After impeaching Harris on other grounds, defense counsel returned to this line of questioning:

The defense impeached Harris with two prior convictions for possession of CDS with intent to distribute, and with his prior work as a confidential informant, pointing out that Harris had received thousands of dollars for that work, which entailed hiding his role as an informant from the targets of police investigations so that he could obtain information from them.

[DEFENSE COUNSEL]: Okay. Um, one other question. Going back to the day when you were brought into the police station, um, we talked about how you were essentially threatened with charges, right?

[HARRIS]: Correct.

[DEFENSE COUNSEL]: Um, you asked for a lawyer then, didn't you?

[HARRIS]: Correct.

[DEFENSE COUNSEL]: You told the detectives, you looked them in the eyes and said "I want a lawyer", right?

[HARRIS]: Correct.

[DEFENSE COUNSEL]: Um, did they provide you with a lawyer?

[HARRIS]: No.
[DEFENSE COUNSEL]: Did they let you reach out to a lawyer?

[HARRIS]: No.


* * *

[DEFENSE COUNSEL]: Okay. And in that conversation that we talked about, there was a part -- there was a part of your conversation that was taped, right, you knew that? Taped in the interview room?

[HARRIS]: Not at the time I didn't.

[DEFENSE COUNSEL]: Right. But -- well, were there parts of it that were not taped?

[HARRIS]: I'm not -- I don't know.

And then, a third time:

[DEFENSE COUNSEL]: All right. Um, now, you -- you told the ladies of the jury that -- that Eric was a friend of yours?

[HARRIS]: Correct.

[DEFENSE COUNSEL]: Um, you didn't -- you didn't call the police or anything like that, did you?

[HARRIS]: When I got home.

[DEFENSE COUNSEL]: Did you ever --

[HARRIS]: I went straight home after the shooting.

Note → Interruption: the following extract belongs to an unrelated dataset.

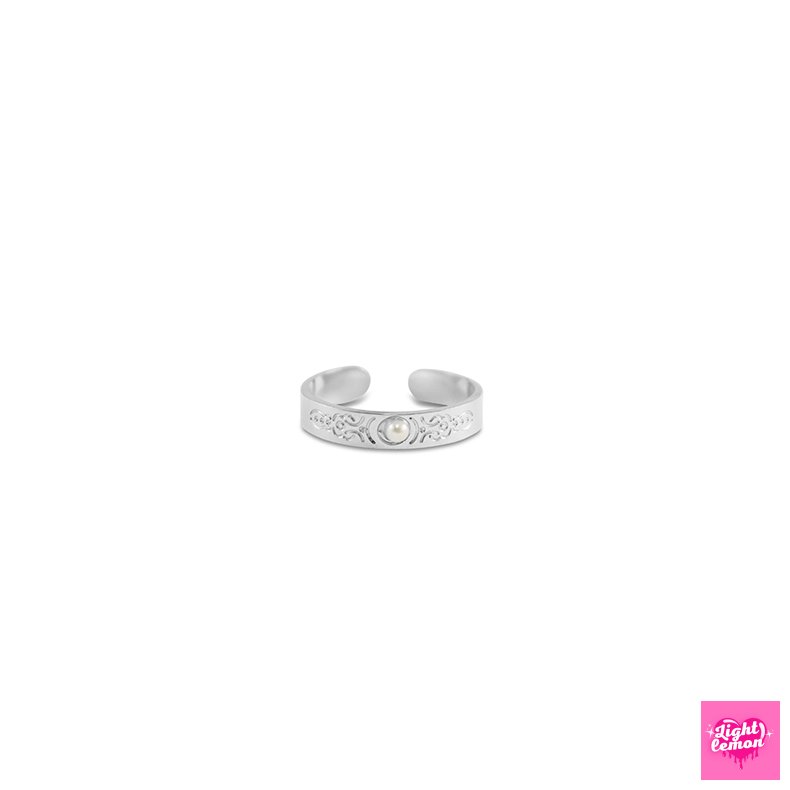 Rustfrit stl ring med perle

[DEFENSE COUNSEL]: -- call -- right. And -- and you have a phone at home, right?

[HARRIS]: Correct.

[DEFENSE COUNSEL]: You carry a cellphone. Do you carry a cellphone?
[HARRIS]: Correct.

[DEFENSE COUNSEL]: Um, you never called the police to tell them what happened or what you knew, isn't that correct?

[HARRIS]: Correct.

[DEFENSE COUNSEL]: It wasn't until a day later when they forced you to the station, when they threatened you that you started talking?

[HARRIS]: Correct.

On re-direct, the State moved to introduce Harris's recorded statement to the police, contending that Faust's cross-examination sought to portray Harris as having lied "during his taped statement because he was being threatened by the police" but that his "demeanor" and "the officers' demeanor" throughout the recorded statement "contradict[]" the cross-examination, and, therefore, the recorded statement was admissible for rehabilitation. The defense countered that the State should be limited to questioning the police detectives about the circumstances surrounding Harris's interrogation but that the statement itself was inadmissible. The circuit court overruled the defense objection, observing that Harris's demeanor during the statement "tells a lot of what occurred there," including "whether or not he acts afraid, like he has been threatened." Subsequently, during the direct examination of Detective Miller, the lead detective in the case, who had interrogated Harris, the State played the recorded statement in open court.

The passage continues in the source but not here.